A geofence warrant is a warrant that goes to any company capable of tracking your location data through your cellphone.
Law enforcement gets a warrant from a judge, then serves it to Google or Apple. The warrant specifies a physical location and a time period.
The company then gathers information about all the devices that were in that area at that time, initially labeling them with anonymous ID numbers.
Law enforcement can then compare this data to other facts they have about a crime, including comparing cell phone locations to other places they may have associated with the crime.
They can use this to narrow down the devices to just a handful they think may belong to suspects.
Which means you could be a suspect for a crime you didn’t even know had been committed, simply because you were literally at the wrong place at the wrong time. Geofencing has already caused some false accusations. These accusations have wreaked havoc in the lives of the accused, even when they’ve ultimately been exonerated.
There could be numerous constitutional problems with this practice, but it hasn’t gone before the Supreme Court yet. There is a robbery case in Virginia where the defendant asserts the geofencing warrant served as a violation of his Fourth Amendment Rights, arguing the practice is, “akin to searching every home in the neighborhood of a reported burglary.“
Right now the Courts have upheld law enforcement’s rights to collect cell tower data without a warrant, but not personal cell records (see the 2018 case Carpenter v. United States).

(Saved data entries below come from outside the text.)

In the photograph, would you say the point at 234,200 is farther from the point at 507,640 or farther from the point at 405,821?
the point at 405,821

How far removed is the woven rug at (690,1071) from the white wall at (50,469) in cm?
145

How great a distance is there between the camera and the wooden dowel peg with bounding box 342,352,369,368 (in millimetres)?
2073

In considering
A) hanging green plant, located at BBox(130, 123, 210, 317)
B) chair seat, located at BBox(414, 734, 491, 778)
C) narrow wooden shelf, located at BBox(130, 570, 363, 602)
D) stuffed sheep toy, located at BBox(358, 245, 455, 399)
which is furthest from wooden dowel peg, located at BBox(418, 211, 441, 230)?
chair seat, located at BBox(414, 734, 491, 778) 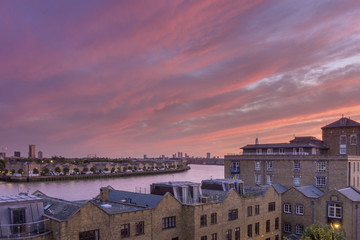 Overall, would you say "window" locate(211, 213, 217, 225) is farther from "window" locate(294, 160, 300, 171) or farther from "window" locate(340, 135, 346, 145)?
"window" locate(340, 135, 346, 145)

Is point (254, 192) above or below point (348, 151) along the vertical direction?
below

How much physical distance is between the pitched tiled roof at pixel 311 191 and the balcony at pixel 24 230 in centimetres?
3365

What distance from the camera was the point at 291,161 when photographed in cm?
5484

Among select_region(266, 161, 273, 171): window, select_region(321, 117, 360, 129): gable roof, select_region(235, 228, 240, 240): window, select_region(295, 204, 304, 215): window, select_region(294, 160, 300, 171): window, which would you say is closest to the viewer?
select_region(235, 228, 240, 240): window

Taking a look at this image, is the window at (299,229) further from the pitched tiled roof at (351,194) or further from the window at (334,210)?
the pitched tiled roof at (351,194)

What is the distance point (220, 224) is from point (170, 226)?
6.28m

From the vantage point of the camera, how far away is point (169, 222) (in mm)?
31734

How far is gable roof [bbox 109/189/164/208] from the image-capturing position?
105 feet

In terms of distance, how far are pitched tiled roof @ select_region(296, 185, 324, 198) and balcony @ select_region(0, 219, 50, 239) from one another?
33.7 meters

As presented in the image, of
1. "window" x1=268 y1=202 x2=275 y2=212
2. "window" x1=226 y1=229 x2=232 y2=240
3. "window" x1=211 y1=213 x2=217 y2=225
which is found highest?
"window" x1=211 y1=213 x2=217 y2=225

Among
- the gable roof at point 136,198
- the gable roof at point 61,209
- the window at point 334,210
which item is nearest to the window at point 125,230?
the gable roof at point 136,198

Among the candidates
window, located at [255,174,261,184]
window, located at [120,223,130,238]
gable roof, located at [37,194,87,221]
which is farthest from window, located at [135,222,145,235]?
window, located at [255,174,261,184]

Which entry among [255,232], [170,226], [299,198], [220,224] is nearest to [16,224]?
[170,226]

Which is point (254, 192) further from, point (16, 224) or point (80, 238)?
point (16, 224) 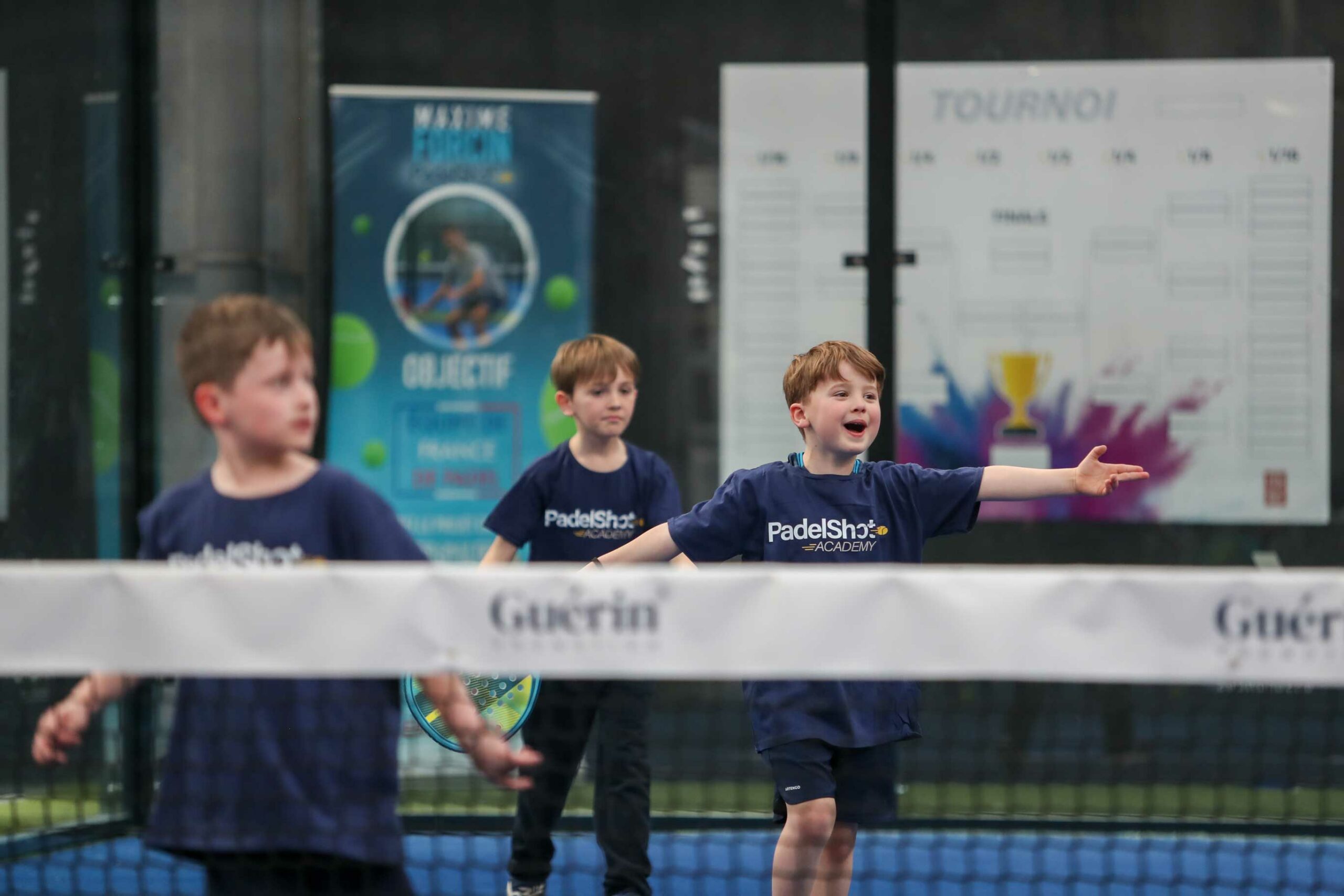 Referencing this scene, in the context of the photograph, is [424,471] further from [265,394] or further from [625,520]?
[265,394]

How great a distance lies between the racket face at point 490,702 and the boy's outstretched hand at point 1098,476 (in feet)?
6.01

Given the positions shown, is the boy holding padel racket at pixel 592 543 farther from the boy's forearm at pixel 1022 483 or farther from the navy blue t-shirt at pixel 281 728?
the navy blue t-shirt at pixel 281 728

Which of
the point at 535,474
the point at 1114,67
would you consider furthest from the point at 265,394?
the point at 1114,67

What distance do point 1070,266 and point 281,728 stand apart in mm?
4107

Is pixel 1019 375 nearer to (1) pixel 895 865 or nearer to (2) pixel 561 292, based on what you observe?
(2) pixel 561 292

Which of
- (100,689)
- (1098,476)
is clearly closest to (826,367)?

There are some attorneys who believe that catching innocent people’s data will become an unavoidable part of law enforcement’s activities in the future. That such invasions of privacy are unavoidable in the “Internet of Things” age, and in an age where surveillance cameras are both ubiquitous, and are watching 24/7.
You aren’t vulnerable unless you’ve got your location history turned on, of course. You get personalized maps. You can use a voice command to tell Google to navigate you back home. Most people will opt for the convenience over the security of turning off their phone history.
Of course, one can also predict that smarter criminals will turn off their phone history before committing a crime, thus ensuring the only people who get caught in these nets will be innocent people.
In the meantime, if you’re one of the people caught in these dragnets you need an attorney who is prepared to figure out what the police are ascertaining from your data. You need someone who can then undermine the case in court, showing how the data that’s showing up on your cell phone is actually evidence of your innocence, not of your guilt, and/or how good information is being tangled with bad to bring the police to an incorrect conclusion.
It will be interesting to see where location history ends up standing in the future.